WORK INSTRUCTION: Down to the final line, write out the material beneath exactly, without pictures.

DATA BELOW:
══════════

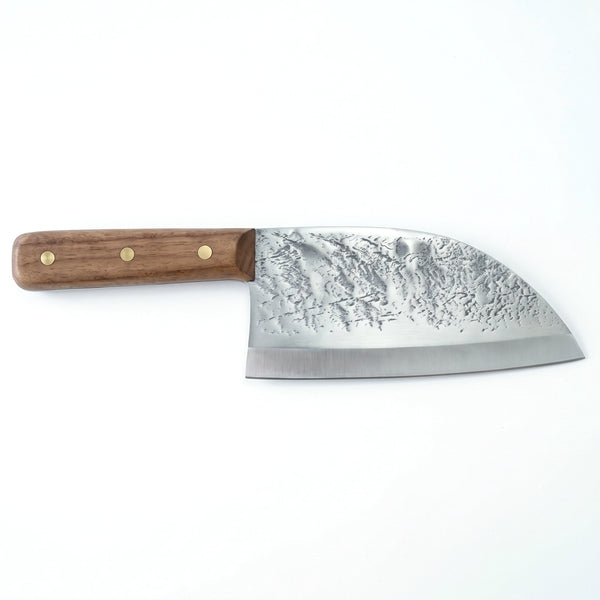 Hollow 7" Carbon Steel Serbian Chef Knife | Walnut, side profile on white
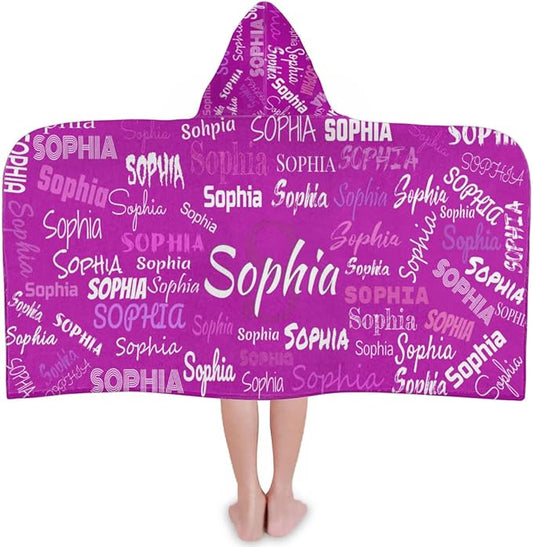 Custom Kids Hooded Bath Towel with Name, Personalized Name Hooded Towel for Boys Girls, Customized Beach Towel Gift for Children, 24" x 50", Solid Purple Pink Color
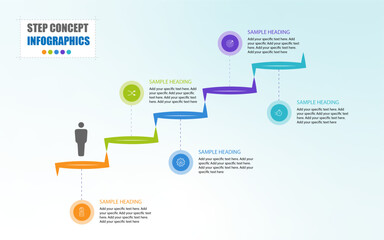 Five Steps Infographics Stock Illustrations, step design infographics template, 5 step concept infographics design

══════════

PROBLEM SOLUTION:
 Hollow 7" Carbon Steel Serbian Chef Knife | Walnut, side profile on white
 Custom Kids Hooded Bath Towel with Name, Personalized Name Hooded Towel for Boys Girls, Customized Beach Towel Gift for Children, 24" x 50", Solid Purple Pink Color
 Five Steps Infographics Stock Illustrations, step design infographics template, 5 step concept infographics design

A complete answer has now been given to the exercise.